Die Parteien und ihre konfessionellen Milieus

Die Wurzeln des deutschen Parteiensystems reichen zurück bis in die Mitte des 19. Jahrhunderts. Die Parteien waren damals Weltanschauungsparteien. Katholiken organisierten sich in der Zentrumspartei, Protestanten entweder bei den Nationalliberalen oder den Sozialliberalen, materialistische Agnostiker und Atheisten bei den Sozialisten.

Erst nach dem 2. Weltkrieg lösten sich die konfessionellen Milieus allmählich auf. Den Anfang machte die CDU, die nicht mehr nur den katholischen Teil der Bevölkerung vertreten wollte, und auch evangelische Christen einlud, für sie zu kandidieren. Mit dem Godesberger Programm machte auch die SPD den Schritt von einer Weltanschauungspartei zur Volkspartei. Die FDP kappte ihre Wurzeln zum liberalen Protestantismus mit dem Wahlslogan von 1969 „Wir schneiden die alten Zöpfe ab!“. Sie wurde zur Partei der Unternehmer und Selbständigen.

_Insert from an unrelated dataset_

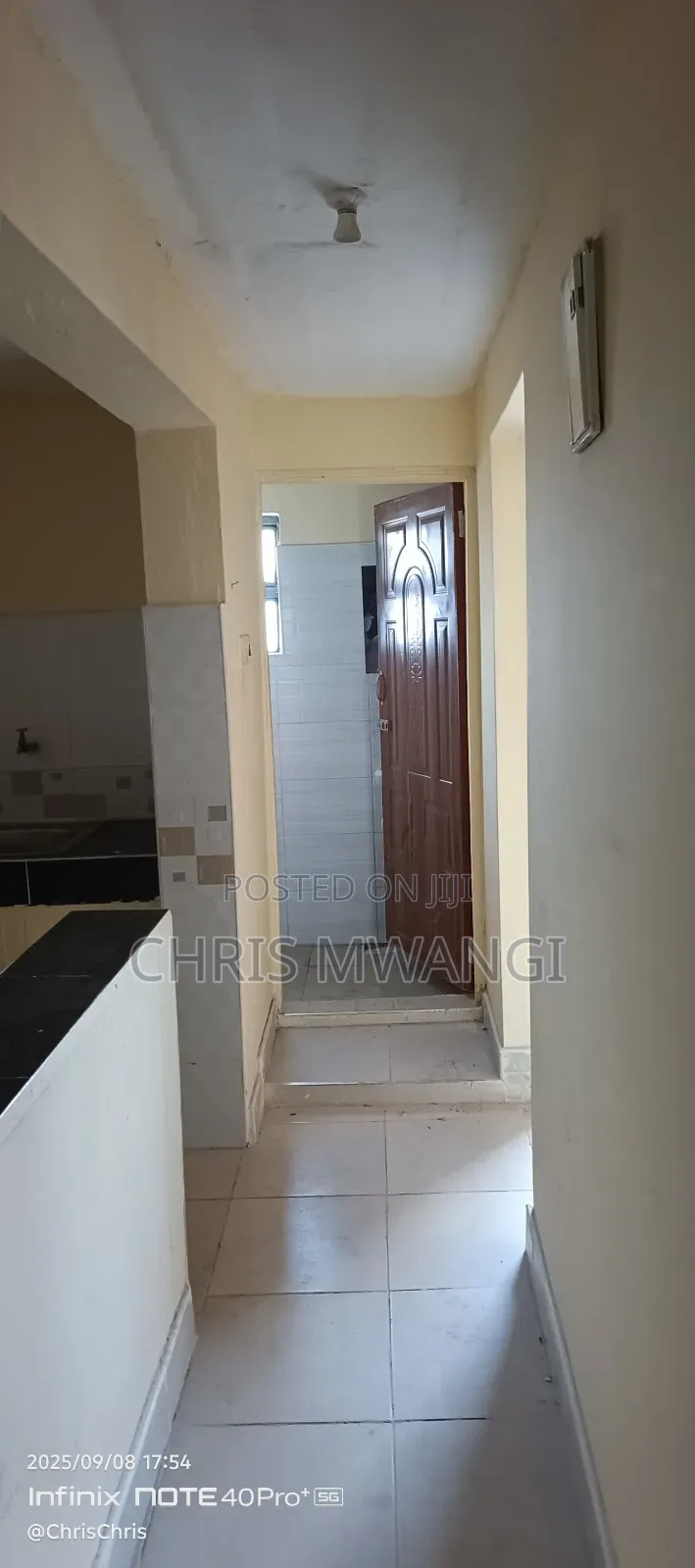 Furnished 1bdrm Block of Flats in Njiru Estate for sale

Die liberalen protestantischen Milieus fanden in der Partei der Grünen eine neue Heimat, nachdem diese ihre frühe fundamentalistische Phase überwunden und mit dem Programm der Diversität ein klassisches liberales, aber durchaus auch religionsfreundliches Feld besetzte. Auf die Wählerstimmen aus den evangelischen Pfarrhäusern können sich die Grünen seither verlassen.

Aber auch die SPD wurde für Christen zunehmend attraktiv. Engagierte Katholiken aus dem Osten wie Wolfang Thierse, aber auch engagierte Protestanten wie Gustav Heinemann und Johannes Rau waren Indikatoren, dass das Band zwischen Konfessionszugehörigkeit und Parteienbindung immer loser wurde. Bei der Linken und der AfD ist die Religionszugehörigkeit am geringsten.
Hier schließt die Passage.